### PROBLEM STATEMENT:
Down to the last line of the listing, starting at the one with "The Joint Staff", retype each line exactly. Do not copy the pictures.

----- DATA EXCERPTS

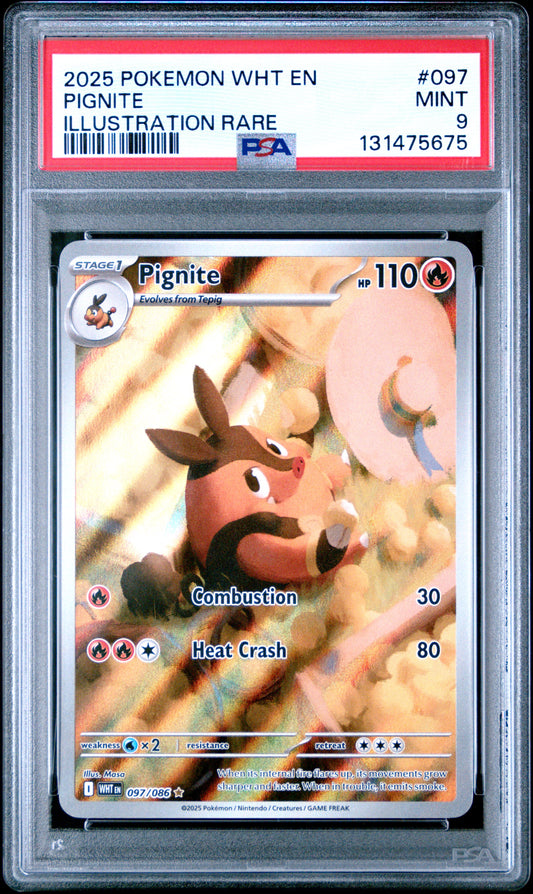 PIGNITE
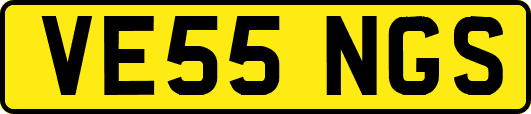 VE55NGS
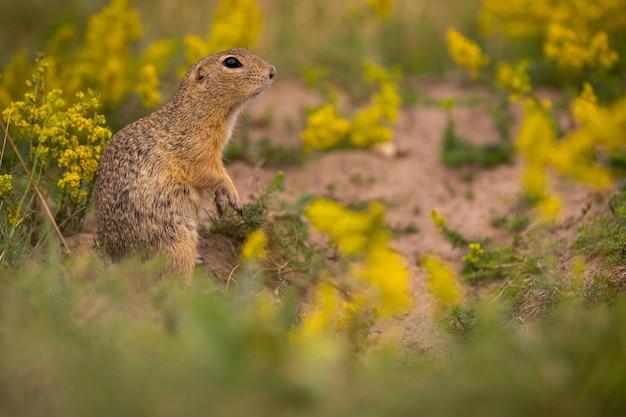 Common ground squirrel on blooming meadow. European suslik. Spermophilus citellus. Wildlife animal in the nature habitat. Little park in the middle of the rush city.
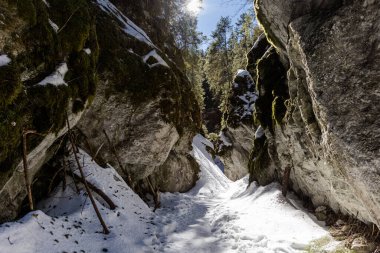 Güzel Polonya batı Tatra dağları kışın manzarası. Güneşli manzara - Krakow Vadisi karla kaplı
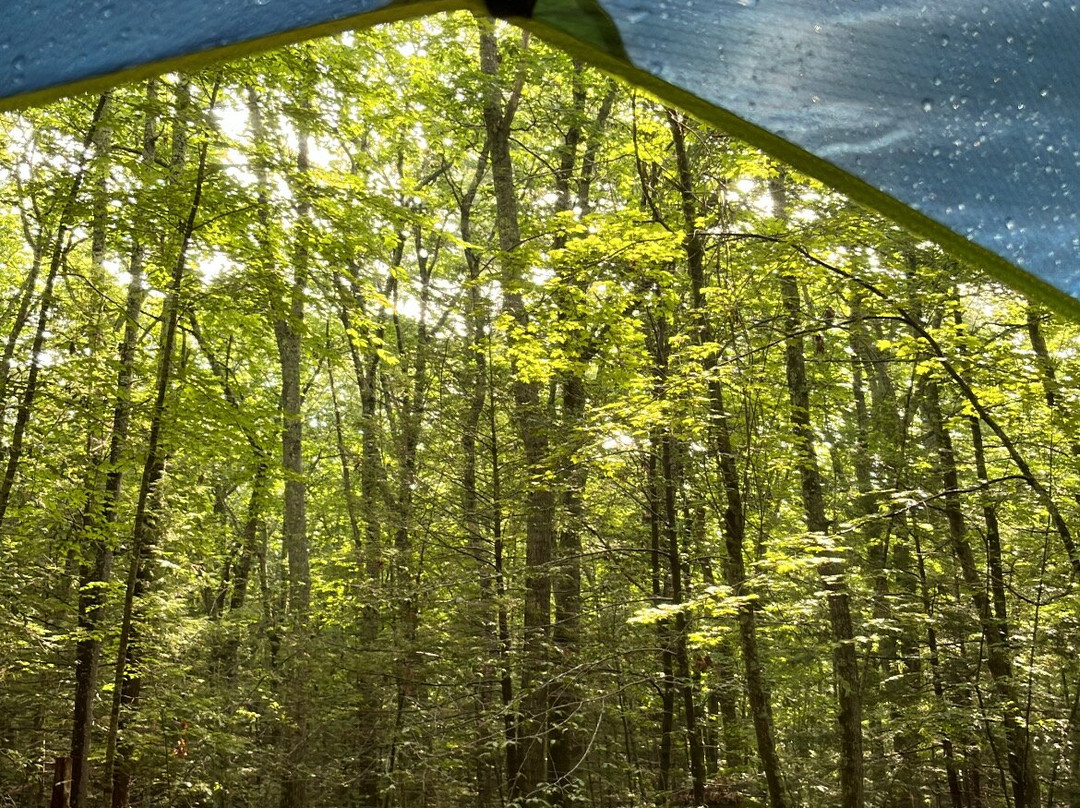 Pawtuckaway State Park-Nottingham必去景点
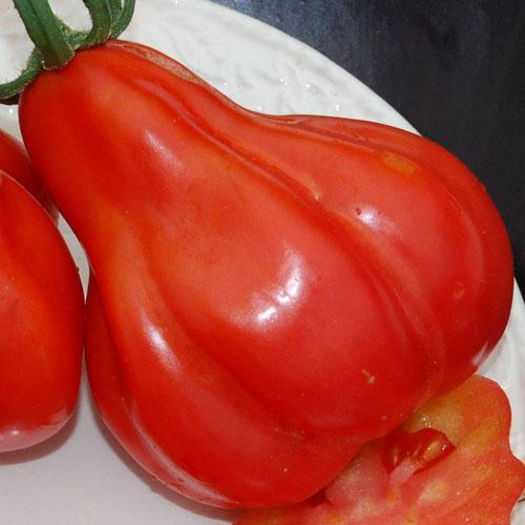 tomate tlacolula mexic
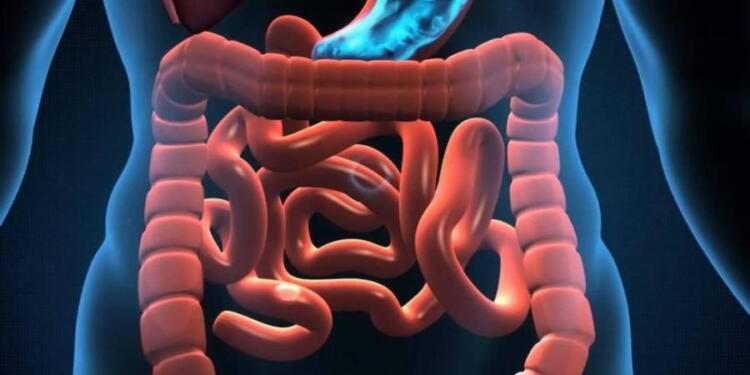 10 σημάδια που δείχνουν ότι έχετε παράσιτα στο έντερο!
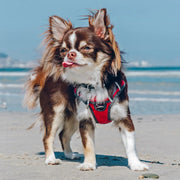 Red Dingo Padded Red Dog Harness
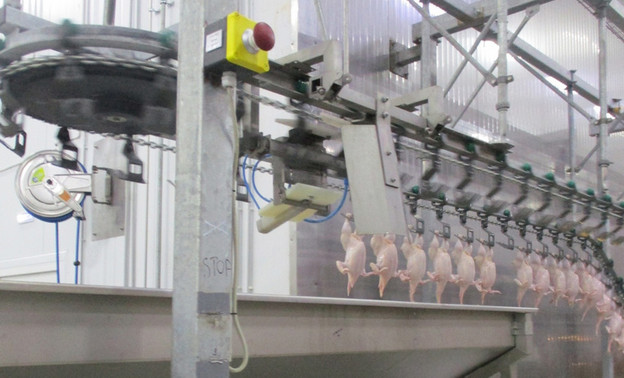 Кировское предприятие начнёт поставлять мясо птицы в страны Африки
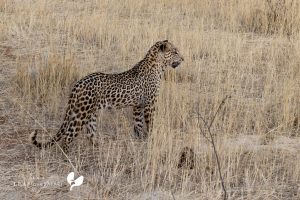 Leopardenbeobachtung Auf Erindi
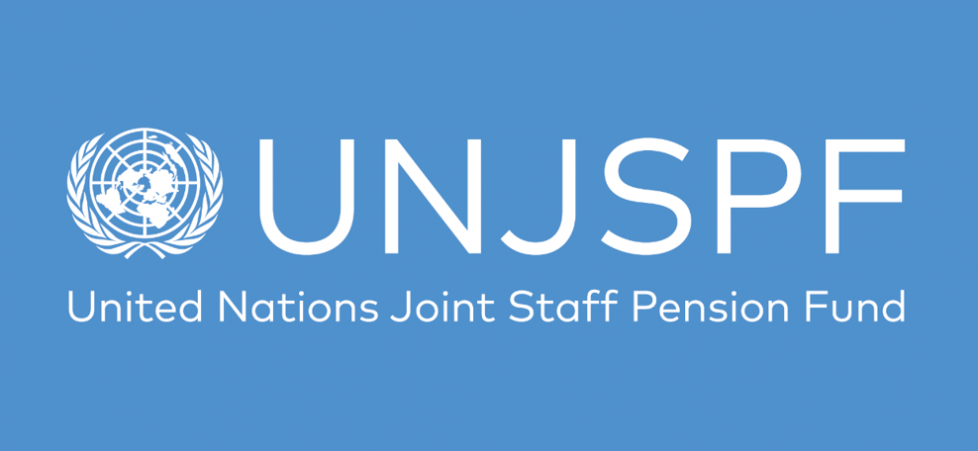 The Joint Staff Logo - Reference NON-GOVERNMENTAL ORGANIZATION – NGO United Nations Joint ...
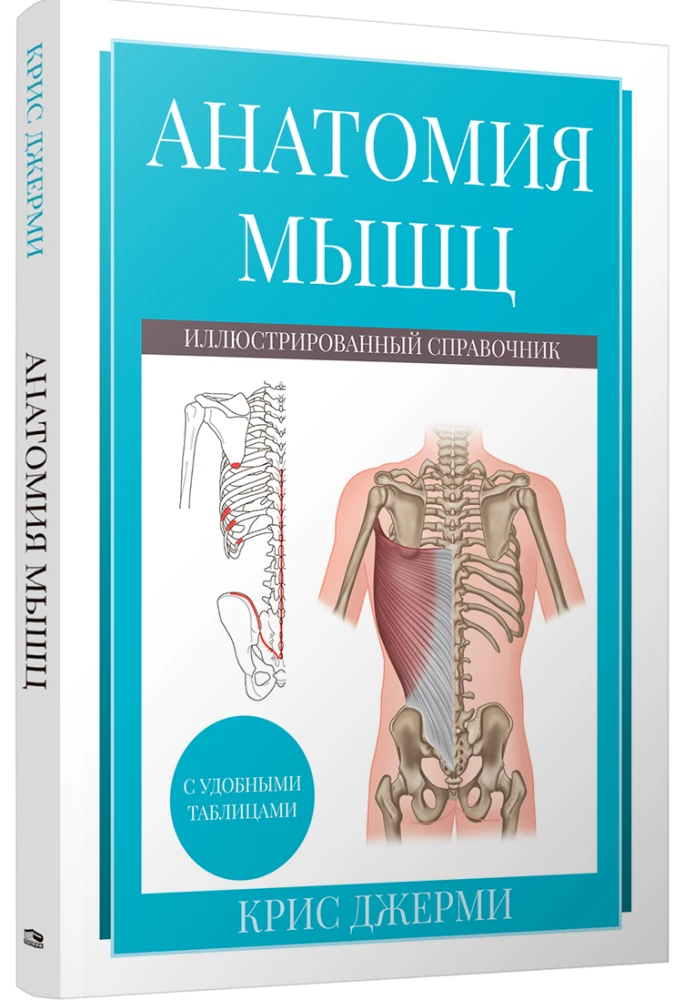 Raumenų anatomija. Iliustruotas vadovas
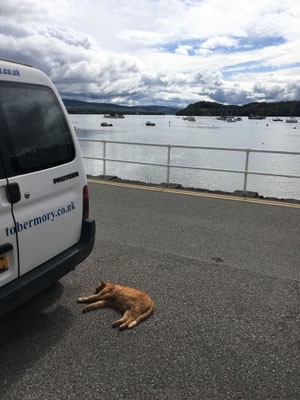 Die "Tobermory cat"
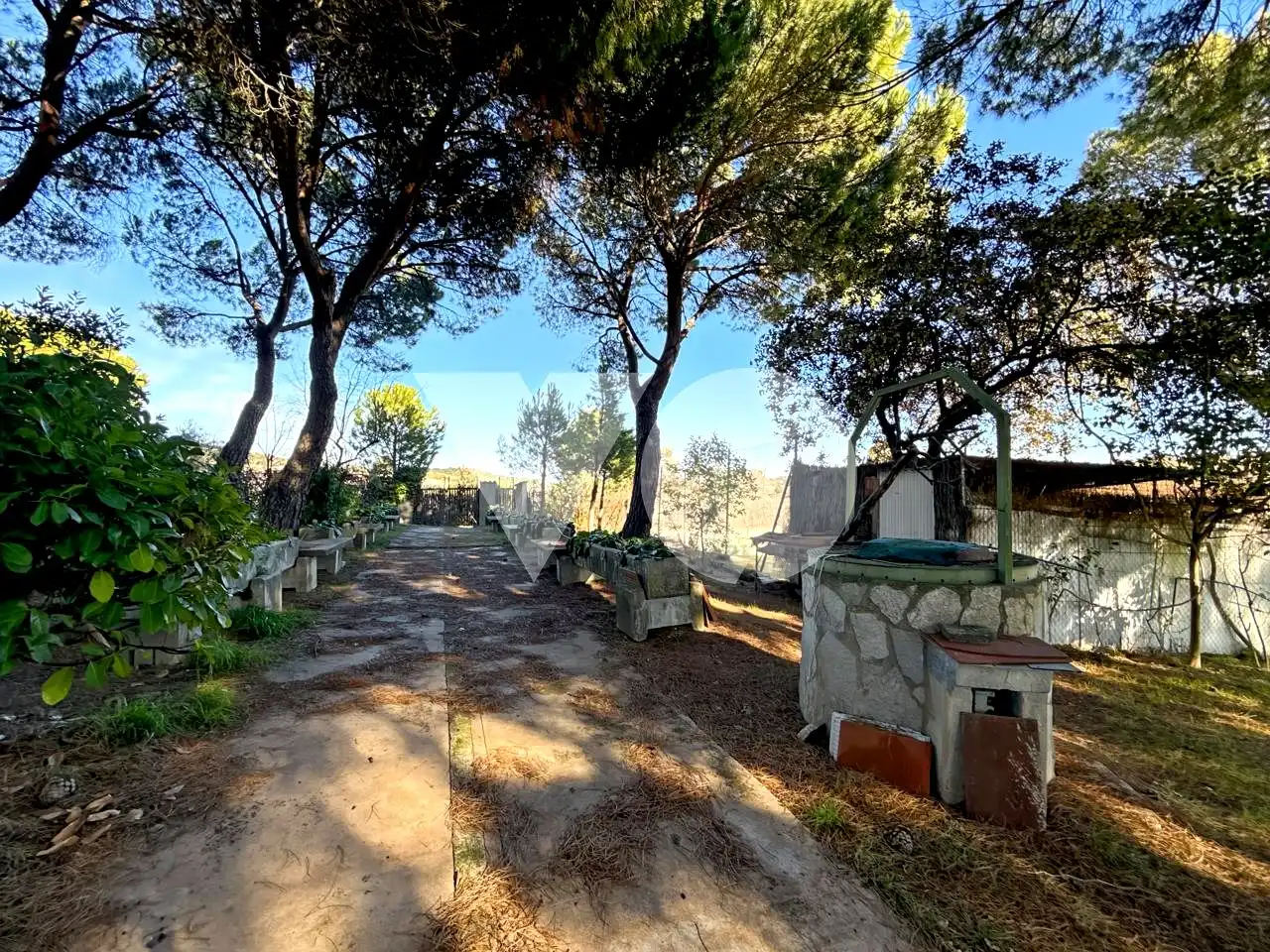 Jardín de Casa o chalet en venta en Ribatejada con Jardín privado, Terraza y Piscina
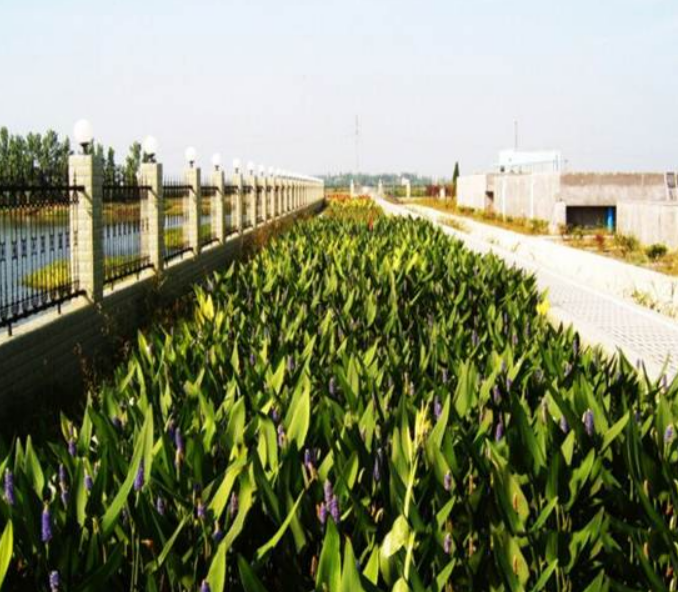 彩乐园·(中国区)官方网站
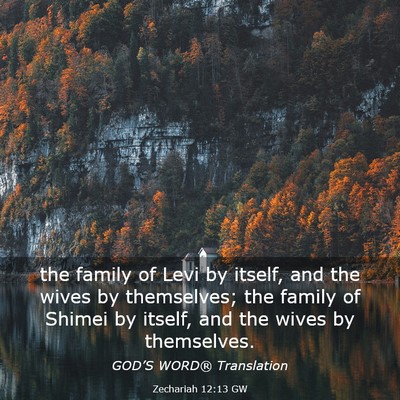 Picture 03 - Zechariah 12:13 GW - the family of Levi by itself, and the wives by - Bible Verse Picture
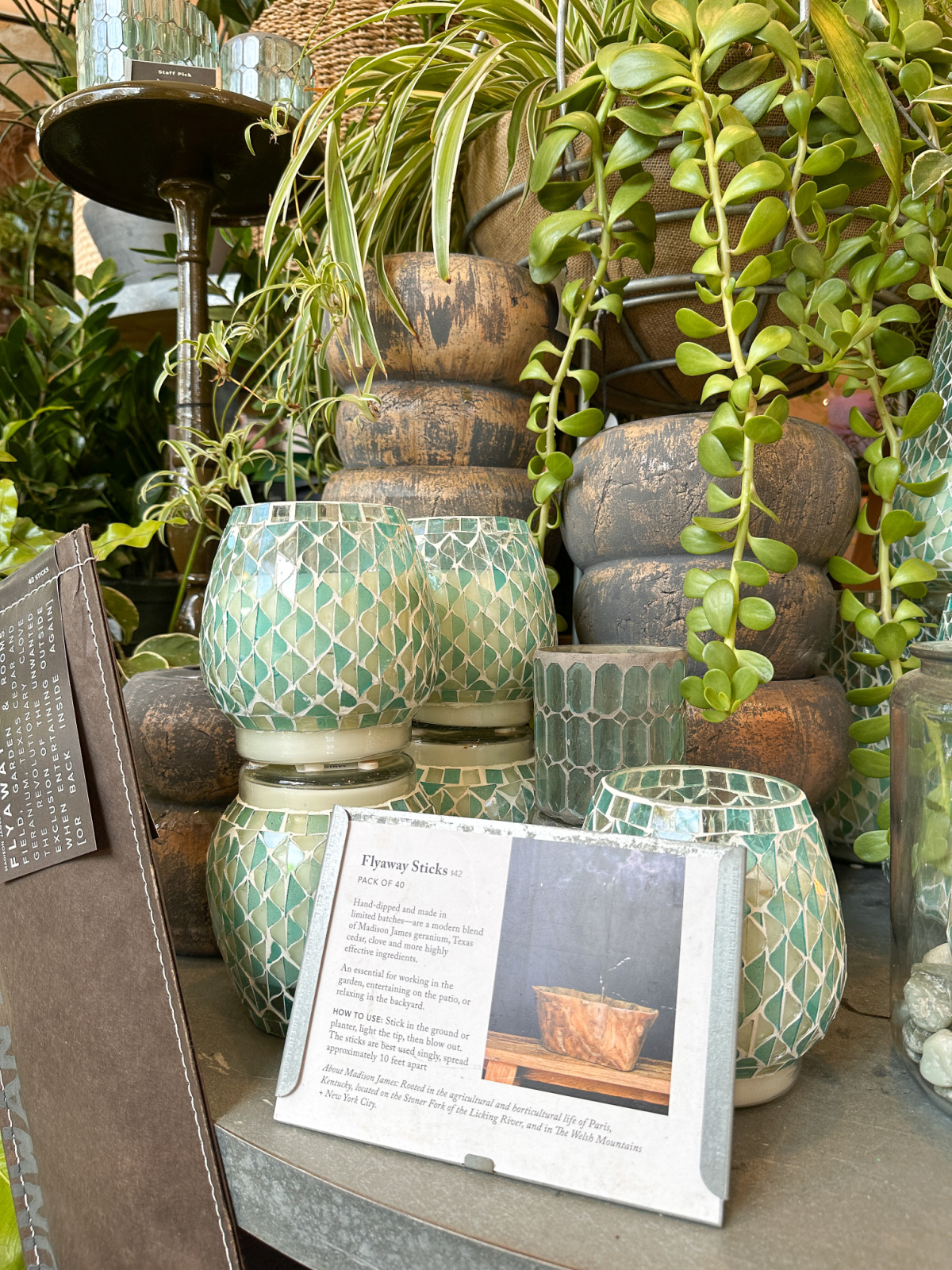Display of green citronella candles at Terraine.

----------

### FINAL ANSWER:
 The Joint Staff Logo - Reference NON-GOVERNMENTAL ORGANIZATION – NGO United Nations Joint ...
 Raumenų anatomija. Iliustruotas vadovas
 Die "Tobermory cat"
 Jardín de Casa o chalet en venta en Ribatejada con Jardín privado, Terraza y Piscina
 彩乐园·(中国区)官方网站
 Picture 03 - Zechariah 12:13 GW - the family of Levi by itself, and the wives by - Bible Verse Picture
Display of green citronella candles at Terraine.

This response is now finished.